And just like its owners, there’s more to Cheba Hut than meets the eye. The Louisiana “joint” makes its premise evident from the moment you walk through the door: hemp leaf-shaped decor, a drink machine sign reading “cotton mouth cures,” paintings featuring characters like a bird smoking a blunt and a blazed-looking tiger (with puffy purple eyes, of course). The funky atmosphere is amplified through neon artwork and a sticker wall by the counter where customers can add their own personal touches.
Menu items are affectionately dubbed after strains of marijuana, like the “Jamaican Red” buffalo chicken sub, the “Sensi Kush” BLT and the “A-train” mushroom marinara. There’s also an array of “munchies,” to choose from, such as pretzel nuggets, garlic bread, loaded “not’chos” and French onion soup.

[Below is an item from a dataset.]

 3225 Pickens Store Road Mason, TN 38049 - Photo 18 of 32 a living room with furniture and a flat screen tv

With everything from the decor to the menu items’ names centered around what is still an illegal recreational substance in the Pelican State, Meredith and Tommy know that’s where some of customers’ initial fascination will come from. However, they look forward to subverting expectations with high-quality food.
“You can’t B.S. people about food in Louisiana,” Meredith says. Before meeting with executives about potential franchise opportunities, she insisted on having a sub at the original Colorado Cheba Hut that her husband dined at 20 years ago. She remembers asking her husband what they would do if it wasn’t as good as he remembered, to which he responded: “We would get on the plane and go home.”

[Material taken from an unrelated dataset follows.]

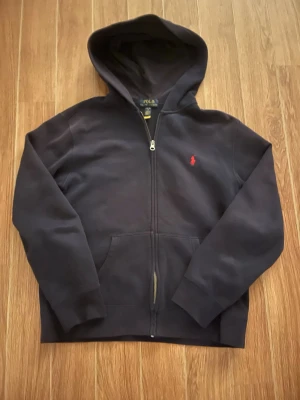 Mörkblå hoodie från Polo Ralph Lauren - Snygg mörkblå hoodie med dragkedja från Polo Ralph Lauren. Klassisk design med huva, fickor framtill och den ikoniska röda logon på bröstet. Perfekt för dig som gillar stilrena och bekväma plagg. Materialet är mjukt och känns riktigt skönt mot huden. Storlek XS, L(14-16). Bara hör av er vid funderingar! 😃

The couple had some initial hesitations about bringing the Cheba Hut concept to a non-legal state, but Meredith says they asked around town, heard positive feedback and ultimately decided this was “something Baton Rouge is ready for.”
Indeed, for nearly two decades Mellow Mushroom sat just down Burbank Drive from the new Cheba Hut location. The pizza restaurant popular with LSU students played off a similar theme of stoner culture until closing in 2019.
Tommy says the work atmosphere at Cheba Hut is designed for “stoner professionals, not professional stoners,” and crafting savory sandwiches while maintaining high standards of cleanliness are top priorities.
“We have to exceed those expectations because people are going to think we’re a bunch of potheads who sit around and smoke and make sloppy sandwiches,” Tommy says.
The restaurant will begin welcoming guests to its indoor dining area and full-service bar along with its outdoor bar and dining areas beginning Sunday, Aug. 8, with a grand opening slated for Monday, Aug. 9.
Cheba Hut is at 411 Ben Hur Road, Suite A, in the same shopping center as Rotolo’s Pizza.